Für die Restitution ist nicht zuletzt die "Benin Dialogue Group" zuständig, in der deutsche Museumsverantwortliche mit Vertretern Nigerias zusammenarbeiten. Im Interview mit der DW kritisiert Yusuf Tuggar, der Botschafter Nigerias, die Arbeit der Gruppe, die sich bereits seit 2010 um einen "Dialog auf Augenhöhe" im Rückgabestreit bemüht. Zuletzt sei davon die Rede gewesen, die Bronzen als Dauerleihgaben an Nigeria zurückzugeben. "Das ist völlig inakzeptabel", sagt Tuggar. "Das ist keine Rechtsstaatlichkeit. Das ist keine gute Regierungsführung. Das ist keine internationale Best Practice." Weiter fordert der Botschafter nicht nur die Rückgabe der Benin-Bronzen, sondern auch die der Ife-Bronzen, die in den 1930er-Jahren in der nigerianischen Stadt Ife gefunden wurden, sowie weiterer Kunstwerke aus der Nok-Kultur.
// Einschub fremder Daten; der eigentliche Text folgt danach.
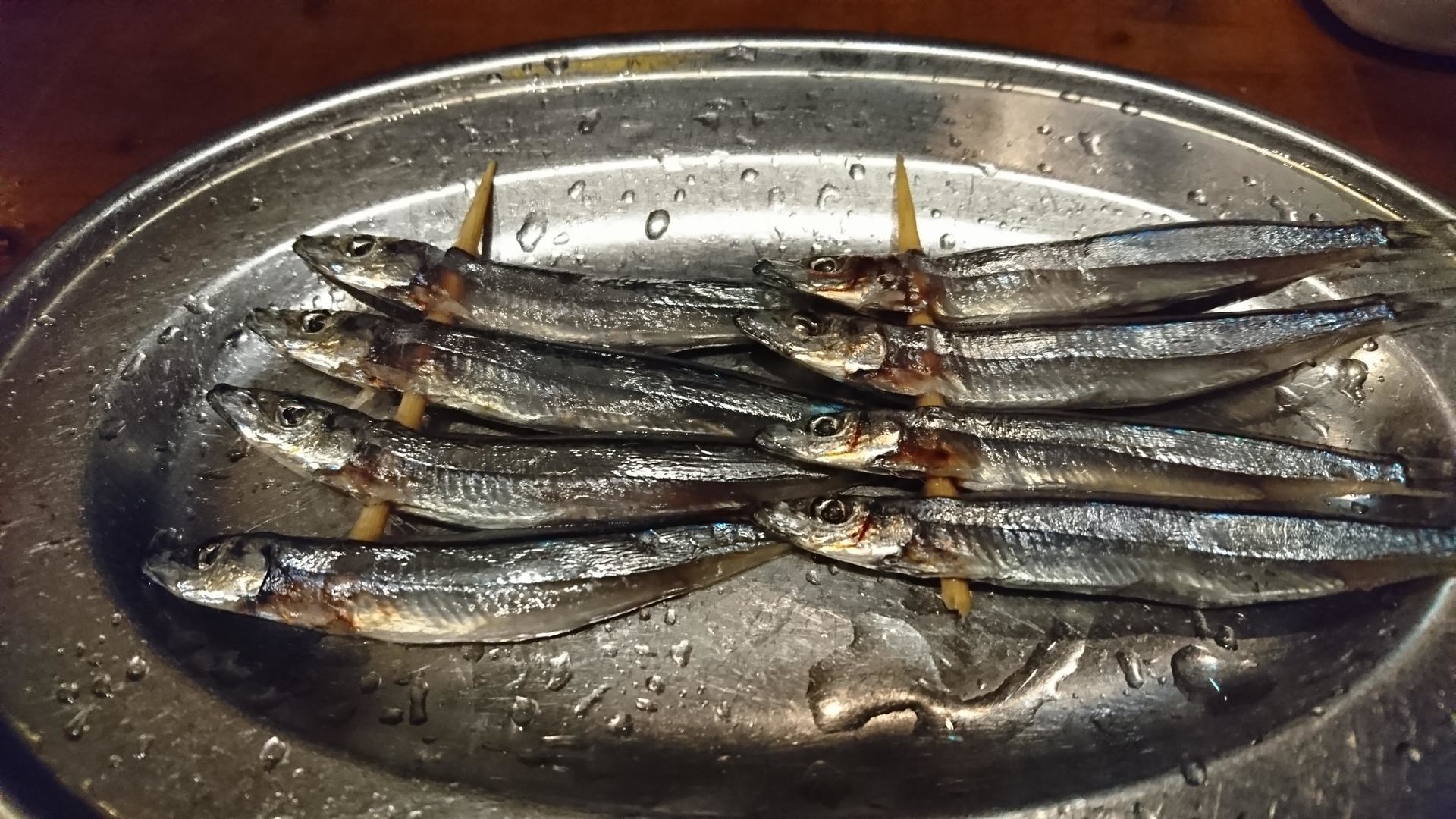 野毛 大夢 Time タイムは肉も魚も自分で焼いて食べられる しかも七輪炭火だよ 立ち飲みもカウンターも昭和感満点の居酒屋で乾杯 美味い物紀行 Delicious Travelogue At Yokohama And More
Symbol für koloniale Erniedrigung
Bei der hochemotionalen Diskussion geht es um viel mehr als um die bloße Rückgabe von Kunstschätzen. Die Bronzen sind zu einem Symbol für koloniale Erniedrigung geworden. Mehr noch, für manche sind sie ein Beweis für das Fortbestehen kolonialer Strukturen, so etwa für Emery Mwazulu Diyabanza. Der kongolesische Aktivist machte im Sommer 2020 Schlagzeilen, als er einen afrikanischen Totempfahl aus dem Pariser "Musée du Quai Branly" entwendete und seine Aktion in den sozialen Netzwerken teilte. Im Anschluss musste er sich in Paris vor Gericht behaupten, kam aber mit 1000 Euro Geldbuße, einer wohl eher symbolischen Strafe davon, die vermutlich Nachahmer abschrecken sollte.
Mit Diyabanza schaltete sich 2020 eine ganz neue Stimme ein: Da sprach kein Politiker, kein Wissenschaftler oder Museumsmensch, sondern ein in Paris lebender Kongolese, der sich für die die afrikanische Diaspora zu Wort meldete.
Im Interview mit der DW erklärt Diyabanza, dass er und seine pan-afrikanische Gruppe "Einheit, Würde und Mut" auch Aktionen in Deutschland planen. "Die deutsche Öffentlichkeit ist in der Restitutionsfrage geteilt. Es gibt viele, die mit diesen abscheulichen Verbrechen nicht mehr in Verbindung gebracht werden wollen", so der Aktivist.
Nigerias lebendige Kunstszene
Diyabanza ist nicht allein mit seinem Wunsch nach einem Neuanfang. Auch die nigerianische Künstlerin Oyenike Monica Okundaye möchte mit der Vergangenheit abschließen, wenn auch auf ganz andere Weise als Botschafter Tuggar oder Aktivist Diyabanza. "Wir brauchen die Werke nicht zurück. Wenn sie in den europäischen Museen stehen, können sie unsere Kinder, die nicht zurück nach Nigeria reisen können, sehen und erleben", meint Okundaye, die in Lagos die größte Kunstgalerie der Region betreibt. Über 5000 nigerianische Künstler haben schon bei ihr ausgestellt.
"Die Artefakte repräsentieren unsere Seele, unser Land in jedem Museum der Welt. Das ist gut, aber wir Künstler müssen auch neue Werke erschaffen, die dann gesehen werden können."
Nun bleibt abzuwarten, wie dieser jahrzehntelange Streit um Wiedergutmachung und Identität ausgeht - und wie lange es noch dauern wird, bis eine Entscheidung fällt.